Without real issues, the Ashcroft race has gotten nasty and close. A July
KOMU-TV poll showed Mr. Ashcroft with 47 percent and Mr. Carnahan with
46 percent, dead even. Mr. Carnahan just aired his first ads, scaring
senior citizens about Medicare and Social Security. Mr. Ashcroft responded
with an ad attacking Mr. Carnahan for attacking him, attacking the group
that said Mr. Ashcroft was bad on seniors issues and their mailing house
too, if one can believe that and defending himself. Unlike Mr.
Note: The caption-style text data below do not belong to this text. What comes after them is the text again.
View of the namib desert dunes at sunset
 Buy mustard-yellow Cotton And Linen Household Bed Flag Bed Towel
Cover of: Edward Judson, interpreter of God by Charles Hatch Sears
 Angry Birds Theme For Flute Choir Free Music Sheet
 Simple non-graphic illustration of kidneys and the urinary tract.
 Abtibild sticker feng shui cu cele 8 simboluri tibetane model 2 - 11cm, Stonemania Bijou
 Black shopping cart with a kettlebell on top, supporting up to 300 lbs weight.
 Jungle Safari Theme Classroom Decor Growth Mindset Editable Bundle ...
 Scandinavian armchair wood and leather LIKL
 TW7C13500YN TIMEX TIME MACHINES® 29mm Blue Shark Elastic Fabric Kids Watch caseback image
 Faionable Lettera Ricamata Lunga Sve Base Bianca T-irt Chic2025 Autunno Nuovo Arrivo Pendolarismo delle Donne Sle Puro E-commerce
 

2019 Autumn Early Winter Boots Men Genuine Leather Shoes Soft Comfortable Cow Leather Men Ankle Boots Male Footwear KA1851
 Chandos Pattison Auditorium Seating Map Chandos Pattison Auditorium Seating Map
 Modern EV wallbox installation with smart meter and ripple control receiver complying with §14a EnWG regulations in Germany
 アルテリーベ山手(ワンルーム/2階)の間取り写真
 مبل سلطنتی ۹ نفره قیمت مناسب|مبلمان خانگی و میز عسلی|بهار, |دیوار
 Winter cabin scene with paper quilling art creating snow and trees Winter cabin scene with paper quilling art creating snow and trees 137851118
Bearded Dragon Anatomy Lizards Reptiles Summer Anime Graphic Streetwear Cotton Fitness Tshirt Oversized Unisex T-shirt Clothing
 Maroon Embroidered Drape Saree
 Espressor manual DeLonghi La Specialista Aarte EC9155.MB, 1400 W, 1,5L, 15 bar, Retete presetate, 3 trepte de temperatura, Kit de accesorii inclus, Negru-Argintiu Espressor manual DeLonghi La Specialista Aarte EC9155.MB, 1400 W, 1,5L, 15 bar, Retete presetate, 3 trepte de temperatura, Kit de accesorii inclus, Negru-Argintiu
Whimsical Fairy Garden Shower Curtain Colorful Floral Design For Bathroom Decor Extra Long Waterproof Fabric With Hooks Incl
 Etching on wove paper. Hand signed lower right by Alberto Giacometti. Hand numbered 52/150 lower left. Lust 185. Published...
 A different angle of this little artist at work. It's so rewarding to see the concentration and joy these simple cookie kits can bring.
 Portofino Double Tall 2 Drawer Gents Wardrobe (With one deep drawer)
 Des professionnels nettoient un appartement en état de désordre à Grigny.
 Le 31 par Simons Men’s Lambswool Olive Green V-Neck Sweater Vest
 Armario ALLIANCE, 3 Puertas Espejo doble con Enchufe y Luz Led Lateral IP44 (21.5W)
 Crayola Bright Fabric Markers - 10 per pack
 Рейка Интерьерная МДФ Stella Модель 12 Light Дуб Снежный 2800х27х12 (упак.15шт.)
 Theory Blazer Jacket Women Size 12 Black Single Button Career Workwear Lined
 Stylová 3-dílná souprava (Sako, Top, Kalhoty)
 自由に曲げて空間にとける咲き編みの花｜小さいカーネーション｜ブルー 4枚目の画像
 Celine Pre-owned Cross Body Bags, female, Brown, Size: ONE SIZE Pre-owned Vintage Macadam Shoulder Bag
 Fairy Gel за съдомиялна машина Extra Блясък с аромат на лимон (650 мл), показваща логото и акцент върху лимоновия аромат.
Santorum,
he did not stick to issues and take them to his opponent but looked trivial,
mean and defensive.
Beginning in October 1999, "an Ashcraft ally" got "angry" at some comments
"attributed" to Mr. Carnahan and retaliated by sending a news photo of
him in a blackface minstrel show to the media. A week later, a former
Veterans of Foreign Wars commander and Republican legislator claimed Mr.
Carnahan had misrepresented himself when he claimed to be a Korean War
veteran. Mr. Carnahan then released Mr. Ashcroft's draft deferments, questioning
their appropriateness. Jim Jordan, a paid Democratic operative, claimed
Mr. Ashcroft's respected mail fund-raiser, Bruce W. Eberle, made his money
"preying on the most vulnerable Americans." Mr. Ashcroft's manager, David
Ayres, panicked and immediately fired Mr. Eberle without a shred of proof.
Two weeks of tit-for-tat set the tone for an issueless campaign that edifies
no one, certainly not a nice guy like Mr. Ashcroft.
The Bush presidential campaign is better. It is leading with a bold issue,
reform of Social Security, and it has an interesting set of ideas on choice
in education and faith-based welfare. The real test is going to be over
Social Security. Texas Gov. George W. Bush can ask his brother, Florida
Gov. Jeb Bush, why he lost his first bid for the Florida governorship.
In that race, the opponent's campaign began poison phone calls to the
elderly, saying Jeb Bush was going to ruin Social Security. If George
W. does not thoroughly prepare the elderly beforehand, the same will happen
to him. It is not foreordained that the Republicans will lose. Even good
political science models cannot measure the sick-of-Bill-Clinton fatigue
that weighs down Mr. Gore. But the Republicans will lose if they do not
intelligently confront the issues and run scared until Nov. 8.
Donald
Devine, former director Of the U.S. Office of Personnel Management,
is a columnist and a Washington-based policy consultant and a Vice Chairman
for the American Conservative Union.